How to create PDFs on Android devices using Google Drive

Illustration: The Verge

It hasn’t always been that simple to create a PDF using your phone. Several years ago, when I started handling my mother’s bills, I realized I needed a quick way to scan her documents while I was at her home. Rather than drag a scanner around, I found a handy Android app called Tiny Scanner that let me turn paper documents into easy-to-store PDFs using my phone’s camera.

Later, Google introduced the beta of its own scanning app called Stack, so I began using that to create many of my PDFs. It offers quick scans and categorization and was just a little more fun to use.

However, as is Google’s wont, that company is now sunsetting Stack and giving some (although not all) of the app’s abilities to create, edit, and store PDFs to Google Drive, the storage service app that comes installed on Android phones. (I suppose I should be grateful that Google has incorporated at least some of Slack’s features into Android’s Drive app, but the handy categorization and other automatically added details are now gone, making it just that much more difficult for me to find that one document I need right now.)

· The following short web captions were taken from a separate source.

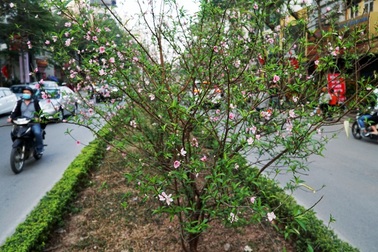 Con đường trồng hoa đào duy nhất ở Hà Nội đã rực sắc xuân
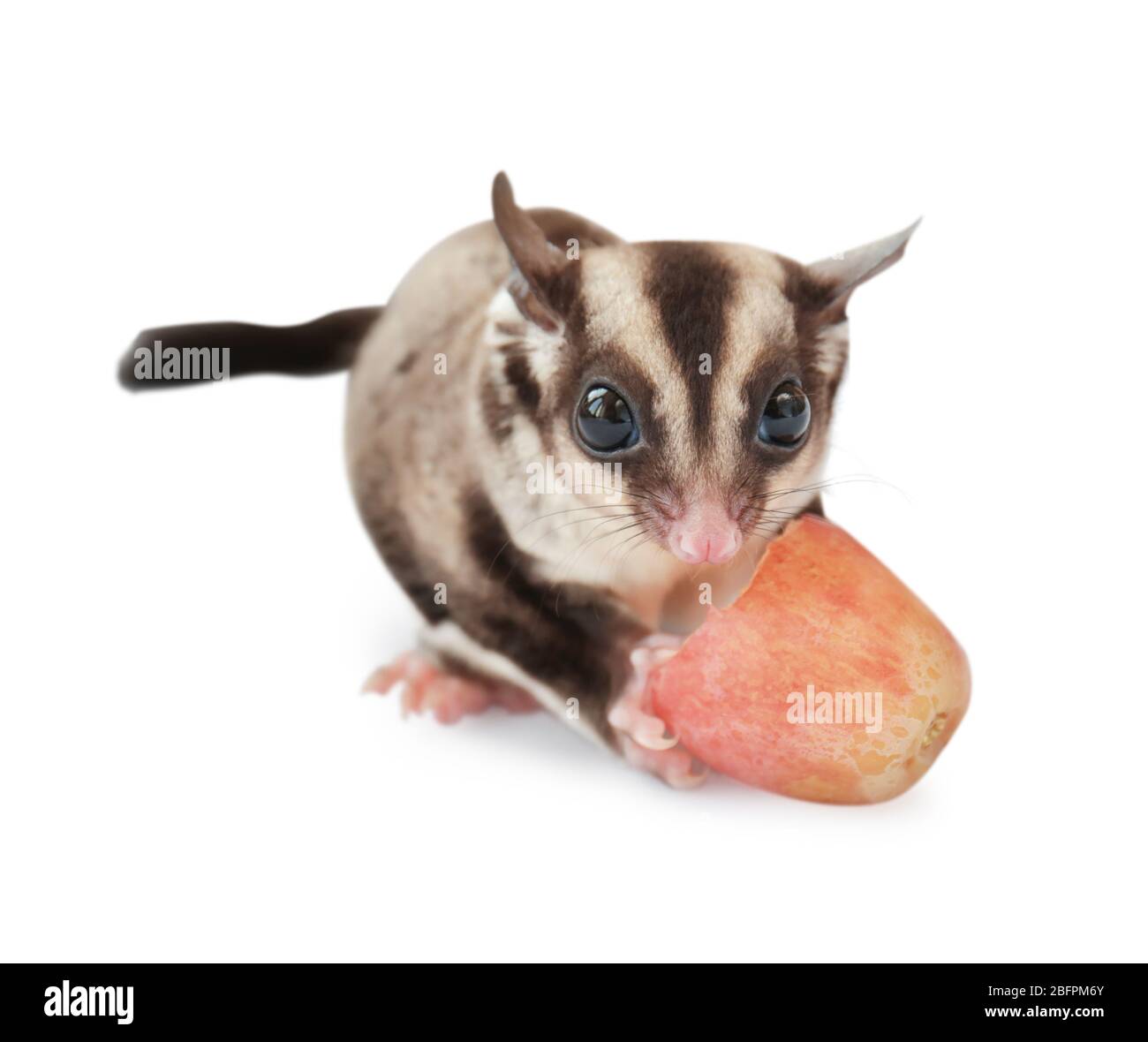 Simpatico zuccherino mangiare uva su sfondo bianco Foto Stock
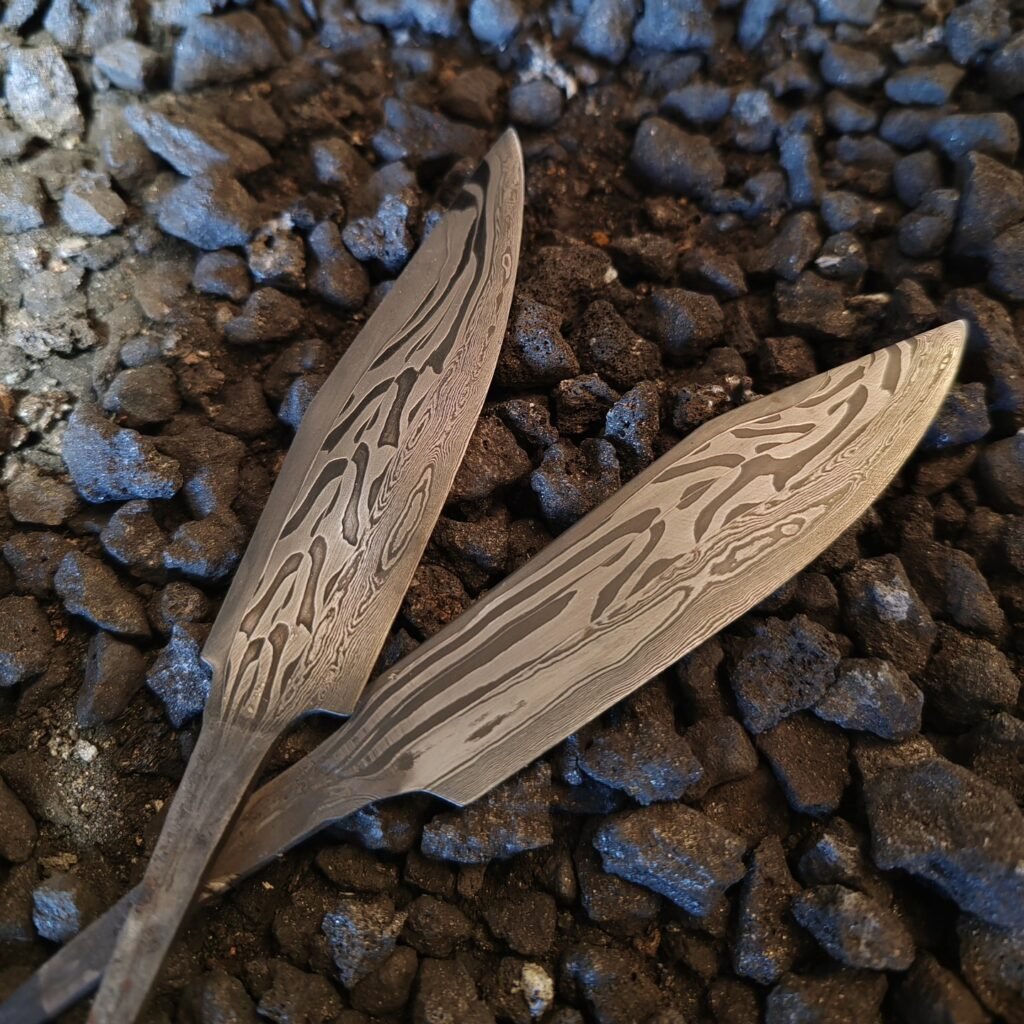 495168323_1653757028904533_9063073869840690981_n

So now, if you want to create a quick PDF using Drive, here’s how it works:

Go to your Google Drive app (if by some weird chance, your phone doesn’t have Drive, look for it in the Play Store).
Lay out your document — on a contrasting surface, if possible; I found it works a lot better that way — and tap the camera icon (right above the +New button).

Screenshot: Google
Auto capture finds the edges of the new PDF.

Screenshot: Google
Once created, the PDF is previewed and can be edited.

The app will now determine the edges of your PDF using a blue outline. It will assume you want to use Auto capture, which lets the app itself figure out the document’s edges and immediately create a draft PDF.
If you’re more of a do-it-yourself person, you can tap on the Manual button just under your image, move your phone around to adjust the outline, and then hit the shutter button — but since you will be able to adjust the cropping on the next page anyway, you might as well let Auto capture do its thing. It’s faster.
If you have already taken a picture of the document, there is also a photo icon to the left of the shutter button that lets you select an image from Photos instead.
Either way, once you’ve got your draft PDF, you will be automatically taken to a page where you can edit it: crop it to adjust the outline, use a filter, clean it up, retake it, or delete it.
The same page lets you create a multi-page document if you need one — just tap on the plus icon just under the image to add the next page.
Happy with your document? Select Done in the top right corner, select where in Google Drive you want to place it, and tap Save.

You can also edit an existing PDF:

Screenshot: Google
To edit an existing PDF, select the edit icon in the bottom right corner.

Screenshot: Google
Existing PDFs have limited editing features.

While in Drive, tap on the PDF file you want to edit.
Look for the edit icon in the lower right corner. Tap on that, and you can write on or highlight the document using variously colored “ink.”
Using the icons on top of the page, you can also add a comment or do a search within the document.
Tap the three dots in the upper right corner, and you can share the document, manage access to it, download it, or perform a number of other editorial tasks.

Of course, this isn’t everything you’d want to do with a PDF file — for example, you might want to remove a page, add text, or password-protect a document. In that case, unfortunately, you will probably have to use Adobe Acrobat or some other for-pay app.